Since the first establishment of an embryonic stem cell in mice (M. J. Evans et al, Nature, 292, 154 (1981); G. R. Martin, Proc. Natl. Acad. Sci. USA, 78, 7634 (1981)), methods for establishing efficient embryonic stem cells such as methods for establishing embryonic stem cells in non-mice (U.S. Pat. No. 5,453,357; U.S. Pat. No. 5,670,372) have been studied, and embryonic stem cells have so far been established in rat (P. M. Iannaccone et al., Dev. Biol., 163, 288 (1994)), in domestic fowl (B. Pain et al., Development, 122, 2339 (1996); U.S. Pat. No. 5,340,740; U.S. Pat. No. 5,656,479)), in pig (M. B. Wheeler, Reprod. Fertil. Dev., 6, 563 (1994); H. Shim et al., Biol. Reprod., 57, 1089 (1997)), in monkey (J. A. Thomson et al., Proc. Natl. Acad. Sci. USA, 92, 7844 (1996)) and in human (J. A. Thomson et al., Science, 283, 1145 (1998); M. J. Shamblott et al., Proc. Natl. Acad. Sci. USA, 95, 13726 (1998)).
It is known that a teratoma in which various tissues are mixed is formed when an embryonic stem cell is transplanted, e.g., under the skin of an animal of the same line of the embryonic stem cell (Manipulating the Mouse Embryo, A Laboratory Manual).
Also, it has been reported that, in in vitro culturing, various cells such as endodermal cells, ectodermal cells, mesodermal cells, blood cells, endothelial cells, cartilage cells, skeletal muscle cells, smooth muscle cells, heart muscle cells, glial cells, nerve cells, epithelial cells, melanocytes and keratinocytes can be formed by inducing differentiation through the formation of a cell mass called embryoid body (hereinafter referred to as “EB”) in which embryonic stem cells are once aggregated to form a pseudo-embryonic state (P. D. Rathjen et al., Reprod.
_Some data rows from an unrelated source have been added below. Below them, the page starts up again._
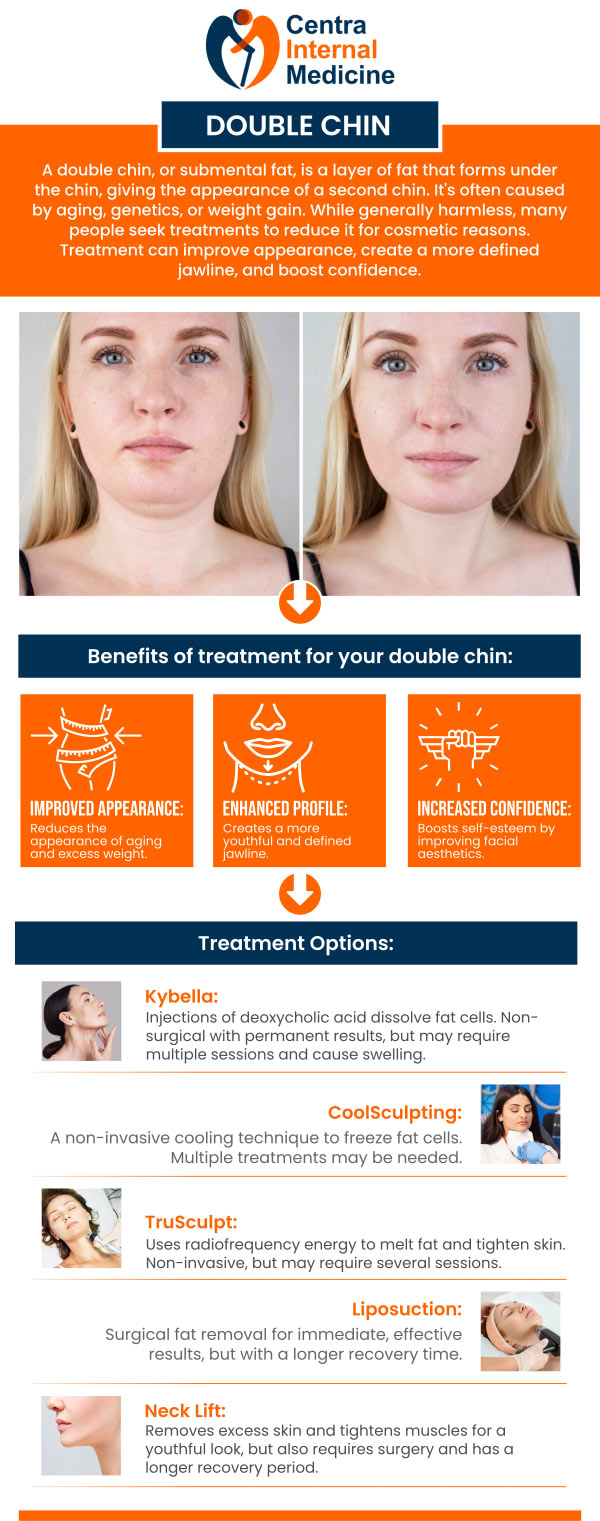 Common questions asked by patients: Can you get rid of a double chin? What is the cause of a double chin? Why do I have a double chin but not fat? How to reduce face fat and double chin? For more information, please contact us or schedule an appointment online. We have convenient locations in Sun City, AZ, Phoenix, AZ, Prescott, AZ, and Buckeye, AZ. We serve patients from Sun City AZ, Phoenix AZ, Prescott AZ, Buckeye AZ, Westpark AZ, Liberty AZ, Peoria AZ, Glendale AZ, Diamond Valley AZ, Iron Springs AZ, Bumstead AZ, EI Mirage AZ, and surrounding areas.
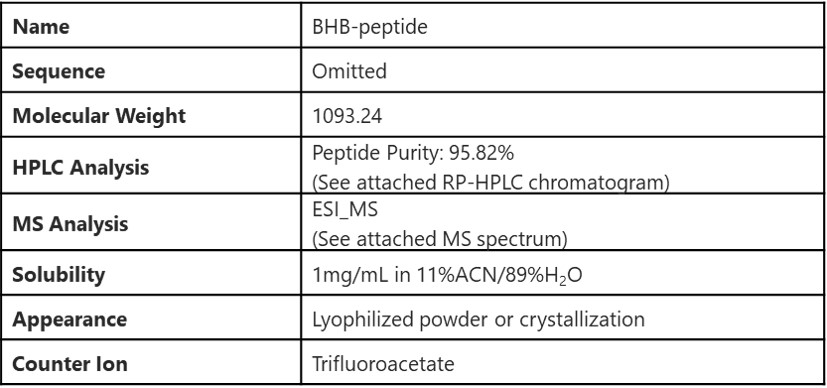 QC certificate of the synthesized β-hydroxybutyrylated peptide. (Creative Biolabs Original)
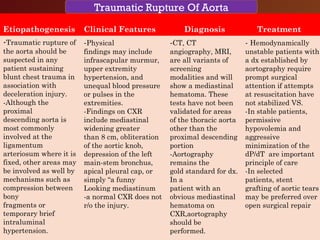 CHEST TRAUMA-Blunt
Rib Fractures
Etiopathogenesis Clinical Features Diagnosis Treatment
-Traumatic rupture of
the aorta should be
suspected in any
patient sustaining
blunt chest trauma in
association with
deceleration injury.
-Although the
proximal
descending aorta is
most commonly
involved at the
ligamentum
arteriosum where it is
fixed, other areas may
be involved as well by
mechanisms such as
compression between
bony
fragments or
temporary brief
intraluminal
hypertension.
-Physical
findings may include
infrascapular murmur,
upper extremity
hypertension, and
unequal blood pressure
or pulses in the
extremities.
-Findings on CXR
include mediastinal
widening greater
than 8 cm, obliteration
of the aortic knob,
depression of the left
main-stem bronchus,
apical pleural cap, or
simply “a funny
Looking mediastinum
-a normal CXR does not
r/o the injury.
-CT, CT
angiography, MRI,
are all variants of
screening
modalities and will
show a mediastinal
hematoma. These
tests have not been
validated for areas
of the thoracic aorta
other than the
proximal descending
portion
-Aortography
remains the
gold standard for dx.
In a
patient with an
obvious mediastinal
hematoma on
CXR,aortography
should be
performed.
- Hemodynamically
unstable patients with
a dx established by
aortography require
prompt surgical
attention if attempts
at resuscitation have
not stabilized VS.
-In stable patients,
permissive
hypovolemia and
aggressive
minimization of the
dP/dT are important
principle of care
-In selected
patients, stent
grafting of aortic tears
may be preferred over
open surgical repair
Traumatic Rupture Of Aorta
 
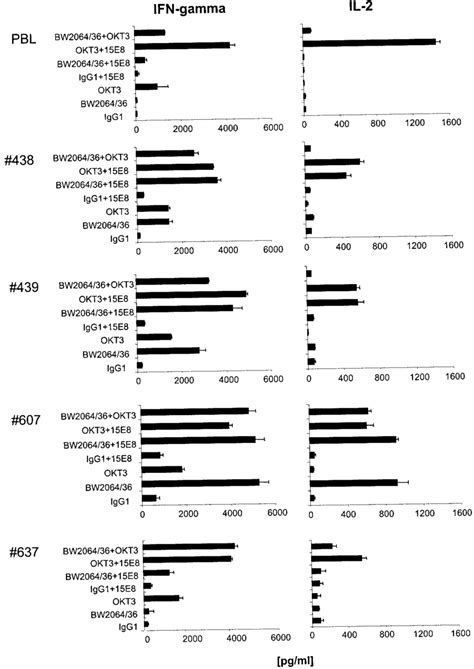 Cytokine Secretion By Peripheral Blood T Cells Grafted With Recombinant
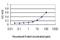 Phosphatidylethanolamine Binding Protein 1 antibody, H00005037-M02, Novus Biologicals, Enzyme Linked Immunosorbent Assay image 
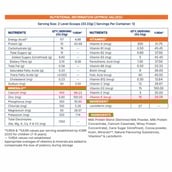 10 - Supermilk Gritzo Height+ for Boy 7-12 Yrs Personalized Protein & Nutrition Drink Mix,  400 g  Double Chocolate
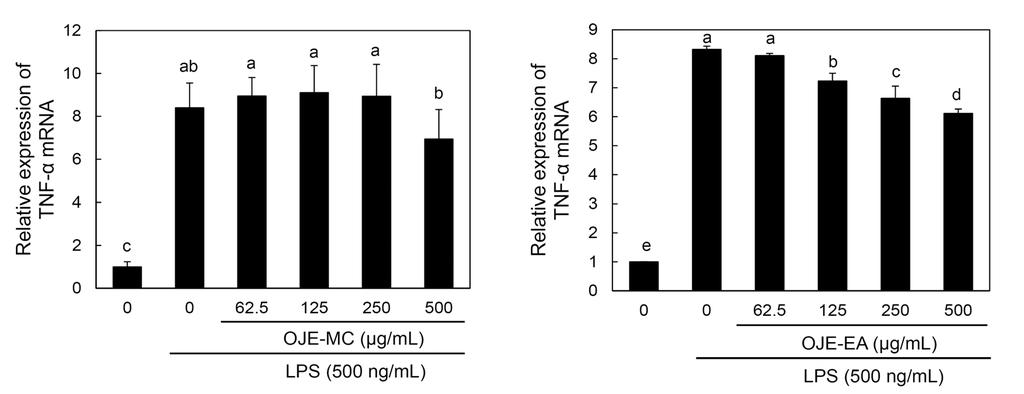 1602 장지훈 조현우 이보영 유강열 윤지영 D E C F Fig. 8. Effect of Oenanthe javanica methylene chloride and ethyl acetate extract on pro-inflammatory expressions in LPS-induced RW 264.7 cells.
Fertil. Dev., 10, 31 (1998)). However, in the differentiation induction by this culturing method, spontaneous differentiation is generated by the formation of cell aggregation mass and, as a result, appearance of the intended cell is observed. Accordingly, it does not result in the efficient induction of a specified cell group and appearance of a variety of tissue cells is simultaneously observed.
Various attempts have been made for methods for efficiently inducing differentiation of nervous system cells from the embryonic stem cell.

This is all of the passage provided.